Table of contents

Database Design 101

Posted on

Jul 17, 2023

Think about any application idea you’d like to implement. Chances are, you’ll eventually need a database, as storing your application data is essential.

Long before choosing the database type, driver, and where to deploy it, you should decide how to organize the data to store it in an efficient, accurate, and maintainable way. This involves the concept of database design; in this article, we will talk about basic things you should know to correctly model your data organization. The principles described in this article are mainly applicable to relational database design.

Understanding Your Data

To start designing a database, you should clearly understand your data from the business requirements side. These are some valuable questions to ask yourself or the business at the start:

What is the main objective of the application that will use the database? What entities do we store?

The first thing you need to understand is the database scope. What exactly are you storing? How are these objects related to each other? Are there any hierarchies or dependencies? It’s imperative to be as specific as possible here because even a tiny change in the structure may lead to a severe redesign later.

Who is going to use the data? What are some use cases?

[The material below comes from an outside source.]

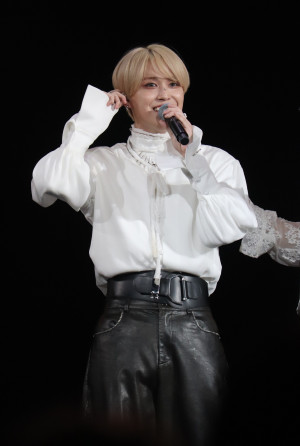 KCON JAPAN 2025「ARTIST STAGE」に登場したJO1【二次使用不可】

An application might have more than one type of users, and they might need access to different data or manipulate it differently. Write down some primary use cases and think through possible edge cases.

What are future growth plans for the database?

Another vital piece you should consider in the beginning is how the application might evolve over time and ensure that the database can adapt to future needs. Having an idea of what changes may be required in the future can give you an understanding of the data structure.

When you have answers to those questions, you’re good to go. And it’s time to start designing.

Designing Stage

After you’ve gathered the initial info on your data and decided about the entities you will store, it’s time to divide information into tables. A table is a database term describing a unit storing a separate entity. Each table consists of rows and columns for each data record and each entity property, respectively.

Let’s go with a popular application example that many beginner courses suggest implementing — a simple social media platform. This platform will have the functionality to share posts, comment on those posts, and add users to your network. Let’s design a database for this application.

Defining Entities

When you’ve gone through the questions from the previous paragraph, you might have come up with the following main entities: Users, Posts, and Comments. If we were to design a real-world application, we would also think about the possible user roles — like administrators. But to keep the example simple, we won’t stop here this time and consider our application only to have one type of regular users.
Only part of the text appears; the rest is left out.